Daraufhin meldete sich die Aufsicht – quasi die Schiedsrichterkabine der Kommunalpolitik. Pfiff, Videobeweis, Gelbe Karte mit Klemmbrett: „So nicht, Freunde. Es gibt keine Ratsmitglieder zweiter Klasse.“ Die Botschaft: Rechte, die man nicht mag, sind dennoch Rechte, und Minderheitenrechte gelten auch für Mehrheiten, die man lieber anders hätte. Ein bisschen schmerzhaft, aber verfassungsimprägniert.
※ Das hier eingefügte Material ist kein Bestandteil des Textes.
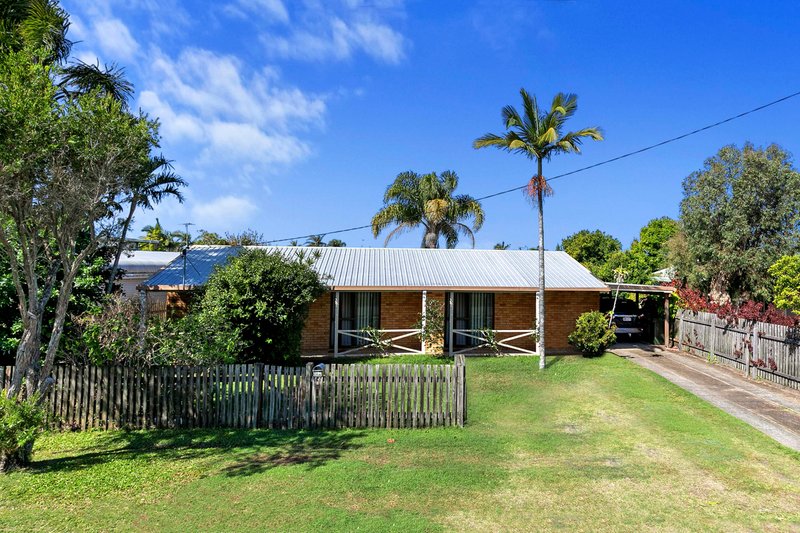 82 Limpus Street, Urangan QLD 4655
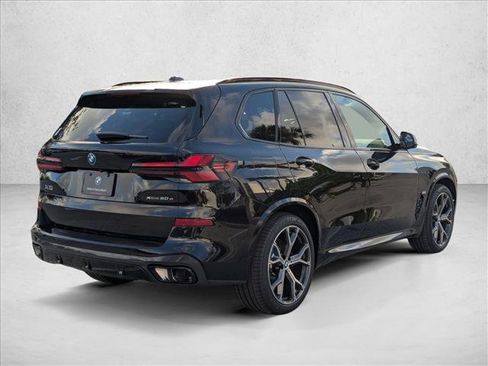 New 2026 BMW X5 xDrive50e image 2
Die Stadtspitze hielt dagegen: Alles nur Selbstverpflichtung, keine juristische Fessel. So wie der Vorsatz, ab Montag mehr Sport zu machen – man meint es gut, bis die Couch ruft. Ergebnis: ein Disziplinarverfahren, das so lange dauerte, dass man unterwegs noch einmal über denselben Antrag abstimmte – mit demselben Ergebnis. Man kennt das von schlechten Fortsetzungen: gleiche Handlung, neue Laufzeit.

Nun droht der Zwangsradierer aus der Bezirksregierung: Paragraf 122 der Gemeindeordnung winkt freundlich aus dem Gesetzbuch. Übersetzung: Wenn ihr eure Brandmauer unbedingt behalten wollt, müsst ihr sie an anderer Stelle aufstellen – vielleicht als Kunstinstallation im Park. Im Rechtsstaat gilt: Beschlüsse sind keine Gefühlssticker, sondern müssen die Betriebsanleitung der Demokratie aushalten.

Und damit rein in Akt drei: die Gerichtsbühne. Dort wird dann entschieden, ob man politische Diätregeln („Wir essen keine Mehrheiten mit Beilage X“) wirklich in die Geschäftsordnung schreiben darf. Spoiler: Wer Plenarpolitik mit Reinheitsgebot braut, landet schnell bei der Frage, ob die Hefe der Mehrheit überhaupt noch arbeiten darf.

Das Fazit in Dortmund: Die Brandmauer ist ein starkes Bild – leider ohne Statiknachweis. Moralische Signalbeleuchtung trifft auf juristische Hausordnung, und am Ende brennt gar nichts, außer ein bisschen politischer Eitelkeit. Demokratie ist eben das unromantische Handwerk, mit Stimmen zu rechnen, die man nicht bestellt hat – und mit Regeln zu leben, die man nicht selbst geschrieben hat. Oder, in Ruhrpott-Deutsch: Brandmauer schön und gut – aber bitte nur da, wo die Feuerwehr sie abnimmt.